Source data section start

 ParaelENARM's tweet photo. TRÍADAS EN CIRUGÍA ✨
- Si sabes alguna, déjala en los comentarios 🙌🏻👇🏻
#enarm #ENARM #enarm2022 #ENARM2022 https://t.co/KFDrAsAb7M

Source data section end
Source data section start

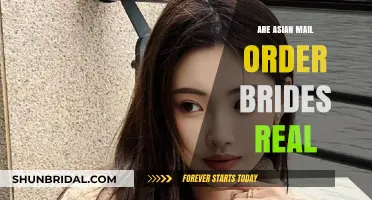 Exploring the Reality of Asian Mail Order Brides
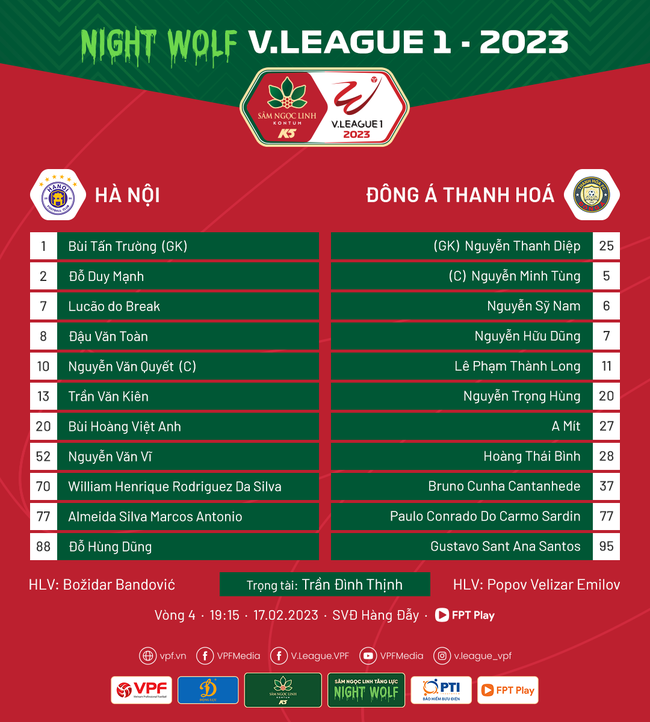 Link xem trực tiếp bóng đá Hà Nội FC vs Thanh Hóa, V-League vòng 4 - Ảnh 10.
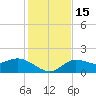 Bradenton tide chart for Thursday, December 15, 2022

Source data section end
Source data section start

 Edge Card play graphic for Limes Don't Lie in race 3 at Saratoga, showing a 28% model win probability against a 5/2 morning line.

Source data section end

Your task: Reproduce exactly the lines above from the line with "ParaelENARM's tweet photo." to the line with "#enarm #ENARM #enarm2022", including both, and add nothing.

Task solution:
 ParaelENARM's tweet photo. TRÍADAS EN CIRUGÍA ✨
- Si sabes alguna, déjala en los comentarios 🙌🏻👇🏻
#enarm #ENARM #enarm2022 #ENARM2022 https://t.co/KFDrAsAb7M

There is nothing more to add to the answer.